I aspired to take the art of chocolate making to the next level for years

FOR most people, holidays are a time to relax and enjoy some time away from the stresses of everyday life.

For Phani Kundeti, however, although his travels to Kerala, at the southern tip of India, with his wife and children were originally intended to provide nothing more than a quiet break, he It didn’t take long for the landscape to inspire new enterprise.

“The idea of ​​the business had been on my mind for a long time,” explained the man known to many islanders as Chief Kundeti. “I have always loved chocolate and for many years wanted to take the art of chocolate making to the next level.

“During our stay in Kerala, we quickly noticed the many plantations where farmers were cultivating thousands of hectares of cocoa beans and as I looked around these lands, more and more ideas for the business started to come up. form.”
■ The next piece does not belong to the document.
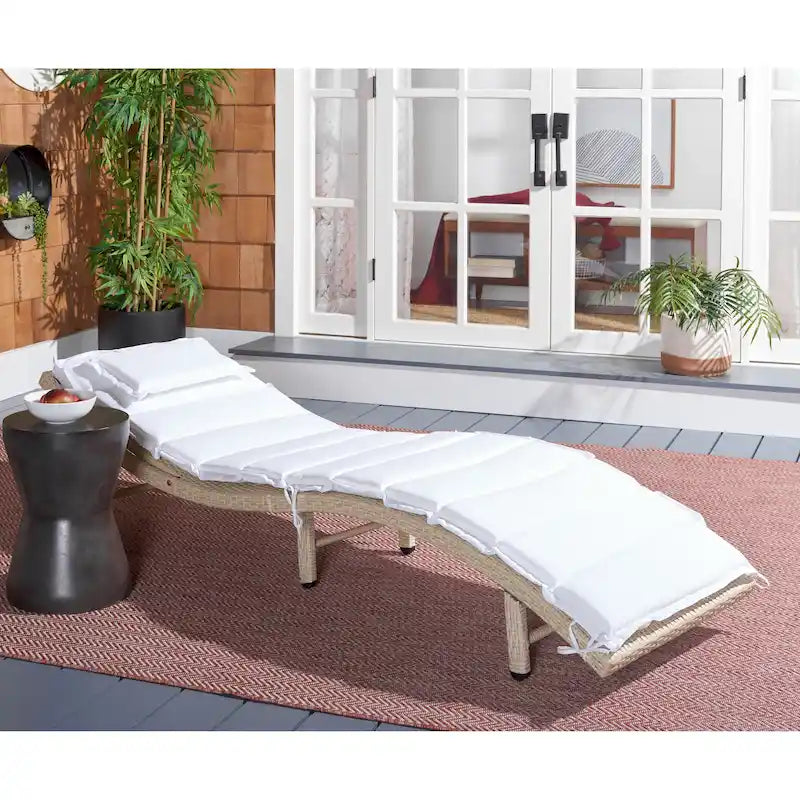 Chaise longue d'extérieur SAFAVIEH Nihada - 79 cm (L) x 25 cm (P) x 14 cm (H)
Indeed, shortly after this vacation, the former executive chef of the Hotel de France spent two months in the Indian state, working with farmers to understand the quality of cocoa beans and production methods.

“Grain quality was extremely important to me,” Kundeti said. “Once I knew the standard was incredibly high, I set up a cocoa processing unit in Andhra Pradesh, a state in southern India, and then taught some farmers how to handle beans after harvest to ensure they were dried and fermented in the right way to give them the flavor profile needed to make chocolate.

With the processing unit operational, Kundeti launched Kâuma, a range of Bean 2 Bar artisan chocolate products, which are sold in supermarkets and health food stores across India.

“The name Kâuma comes from two Indian words meaning peace and tranquility as well as the name of an Indian god, which reflects cocoa’s origins as food for the gods,” Kundeti explained. “Chocolate was well received in India but when I came back to Jersey I wanted to create a more sophisticated product as the European palate is a bit more developed when it comes to chocolate.”

So Kundeti set out on a mission to develop a “platform that would showcase both Indian beans and Jersey terroir” – a mission that earlier this summer culminated in the launch of Cocoa49.2.

“It took about six months to develop the recipes for the initial product line,” he said. “Before working in the kitchen I did a lot of research in the UK and Europe which showed that although people understand that dark chocolate is the healthier option, milk chocolate is the most popular in terms of flavor and creaminess. .

“As a result, I set out to create a recipe that tasted like milk chocolate but had the benefits of dark chocolates. This product contains 49.2% cocoa solids, which is why the company is called Cocoa49.2.

Coincidentally, 49.2 is also one of the island’s GPS coordinates.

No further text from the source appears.